Masa eventually walks beside me and holds my waist when I trip over cracks in the pavement. I twist away from him and put a few inches between us to steady my beating heart.
He clears his throat. “So, have you heard any more about the apartment you’re staying in in Tokyo?”
“Yeah, it’s in Akasaka. Your dad’s apartment is there, right?”
“Yep. Akasaka is a business district and close to Tokyo Station, Shinjuku, and the Imperial Palace. You’ll love it.”
A warm breeze blows my hair into my face, so I tuck it behind my ears. I went easy on my hair today, letting it be wavy instead of straightening it, but I took the time to put on makeup and even eyeliner. I’m getting better at the cat eye, thanks to the beauty vlogs I follow.

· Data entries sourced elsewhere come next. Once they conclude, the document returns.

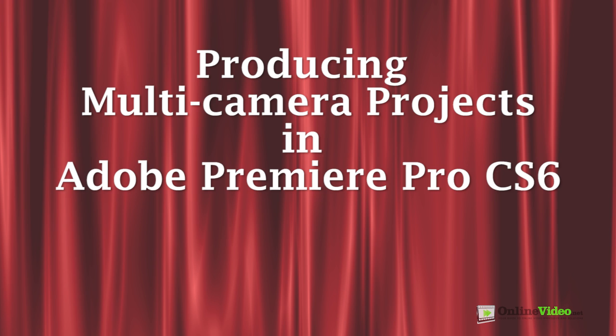Jan Ozer here. In this tutorial, you'll learn how to use Premiere Pro's multicam feature to edit multiple camera angles.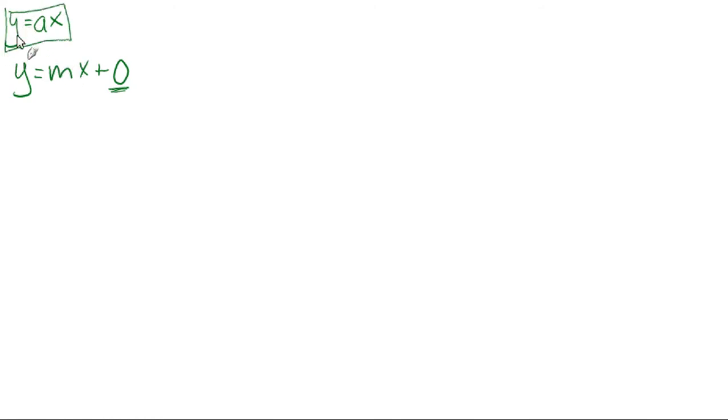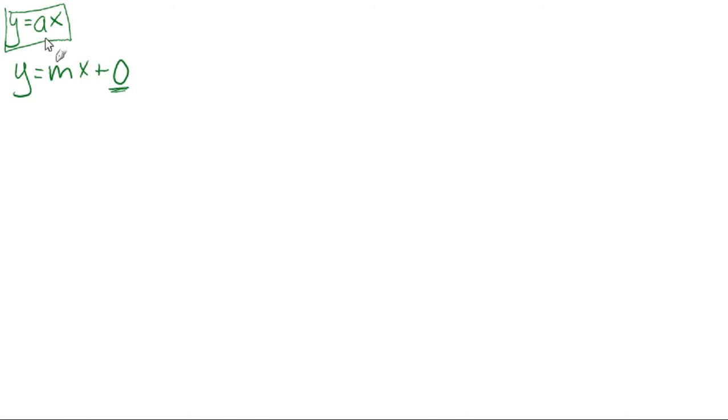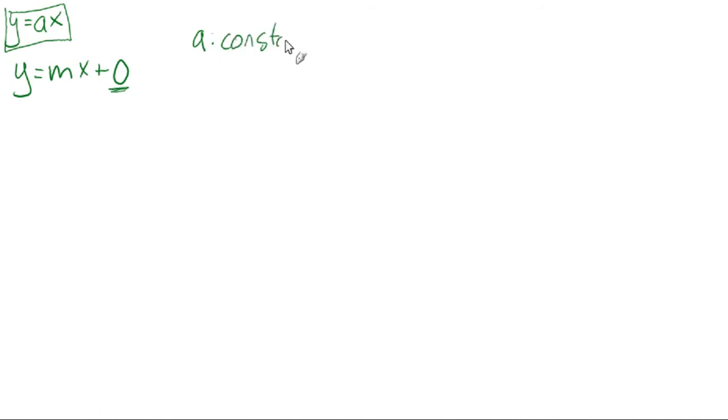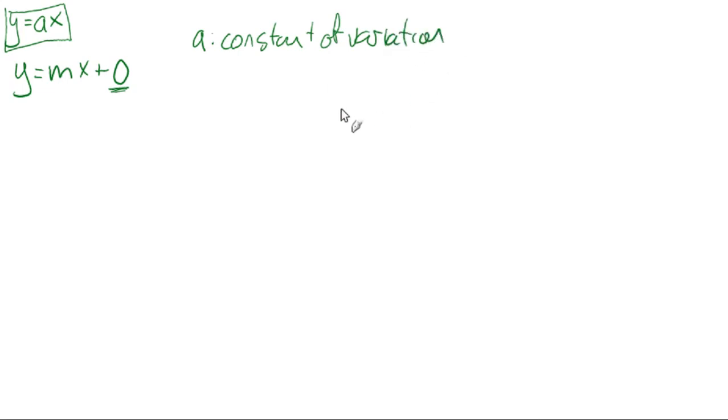So because we switched from having a B to not having a B, we've changed from M to having A. I'm not sure why exactly, but now it's called A, and A is called the constant of variation. The constant of variation.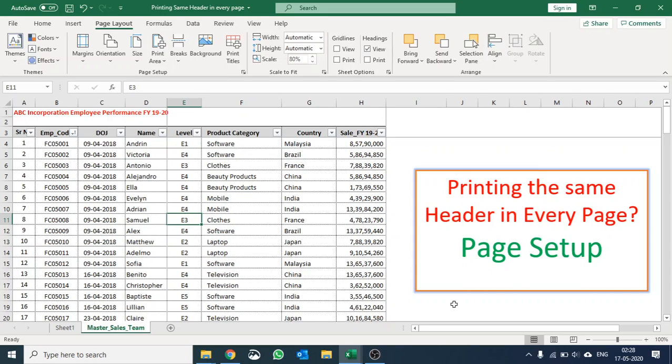Hey guys, welcome to Excel World, a place where you learn everything about Excel. Today I'm going to talk about how you can print the same header in every page.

“I’ve mapped out ten running routes for when we get there. I want to make sure she’s acclimatized before the Games start. I have three routes with hills, three flat ones, and four combinations. I think it’s enough. I hope it’s enough. Maybe I should make more.”
“I’m sure it’s fine, Isa. It’s probably overkill already.”
“You’re right, of course. You’re always right.”
“I can’t believe you’re still watching Lost,” Masa says, laughing, as I weave around a group of people walking against us on the sidewalk.
“I never watched it the first time around, and we already watched Battlestar Galactica and Breaking Bad together this year.”
Masa tips his head and stares at the ground. “I miss those Friday nights already.”
These statements are the confusing part of my relationship with Masa. He seems to enjoy spending time with me, and we’ve even slept in the same bed with each other before, but he’s never once shown any romantic interest in me.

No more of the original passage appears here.